This week marked the debuts of Milk, Rachel Getting Married, and Synecdoche, New York at our friendly neighborhood DVD stores. I saw Milk in the theater, and loved it. As for the remaining two prestige projects, I figured I'd really like Synecdoche and be really annoyed by Rachel, which smacked of an "edgy" vehicle for the decidedly un-edgy Anne Hathaway. I watched them both this week at home, and man, were my prejudicial instincts off this time around.
While Hathaway garnered an Oscar nom for her performance, the real find in this picture is Rosemarie De Witt as Rachel, the one who's actually getting married. In a standard family dynamic, it would be the bride who's the trainwreck and the other sister left to keep her in wraps. But here, De Witt's character is the only one capable of keeping her sister from running roughshod over the wedding experience, while sweating the details of the celebration just as any other bride would.
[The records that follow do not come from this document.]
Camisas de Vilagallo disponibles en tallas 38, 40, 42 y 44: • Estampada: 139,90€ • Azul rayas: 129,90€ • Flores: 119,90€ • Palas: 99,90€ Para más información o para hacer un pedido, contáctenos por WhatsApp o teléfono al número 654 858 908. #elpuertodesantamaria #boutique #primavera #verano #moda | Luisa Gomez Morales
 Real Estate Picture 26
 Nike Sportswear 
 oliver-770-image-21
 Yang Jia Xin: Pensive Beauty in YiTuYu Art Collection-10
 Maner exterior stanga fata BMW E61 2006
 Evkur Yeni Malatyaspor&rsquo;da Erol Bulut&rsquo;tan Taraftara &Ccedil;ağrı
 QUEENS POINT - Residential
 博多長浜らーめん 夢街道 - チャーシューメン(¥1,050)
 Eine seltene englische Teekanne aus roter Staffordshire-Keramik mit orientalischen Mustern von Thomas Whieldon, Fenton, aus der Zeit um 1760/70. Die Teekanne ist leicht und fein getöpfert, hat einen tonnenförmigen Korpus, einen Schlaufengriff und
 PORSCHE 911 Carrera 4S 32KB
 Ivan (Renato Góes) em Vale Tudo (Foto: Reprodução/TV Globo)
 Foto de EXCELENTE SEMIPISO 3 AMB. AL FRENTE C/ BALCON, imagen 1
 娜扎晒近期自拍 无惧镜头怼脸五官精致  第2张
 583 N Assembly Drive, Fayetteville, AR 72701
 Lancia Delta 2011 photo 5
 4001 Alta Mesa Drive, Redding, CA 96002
That she's able to walk this tightrope while leaving the viewer to come away from the challenging film in an uplifted mood speaks to De Witt's remarkably-textured turn. Hathaway is good in her role, but De Witt's the one who should have been up for a gold statuette.
Meanwhile, Synecdoche, New York marks the directing debut of the brilliant screenwriter Charlie Kaufman (Adaptation, Being John Malkovich). Synecdoche, which stars Philip Seymour Hoffman as a playwright in a flagging marriage, was championed by elite critics of publications like the New York Times for its "ambition." For its first hour, the film builds tension in a bizarre and alluring manner, as Hoffman's character is stricken with an unusual illness and seems to occupy space in both real and fictitious realms. There's never a frame wasted, and the viewer is hungry for some sort of clever resolution.
Sadly, that never happens -- and not just in an "oh, they didn't quite get there" sort of way. Rather, the second half of Synecdoche might well be the worst hour of filmmaking ever committed to celluloid. It's so awful and unintelligibly self-indulgent as to be placed in the ring with Richard (Donnie Darko) Kelly's equally "ambitious" Southland Tales, considered one of the worst films of 2007. Kaufman's point -- if one can even be discerned -- is that every obscure person in the obscure world has an obscure story that deserves to be told. The pile of high-minded shit that his film ends up in provides ample evidence to the contrary.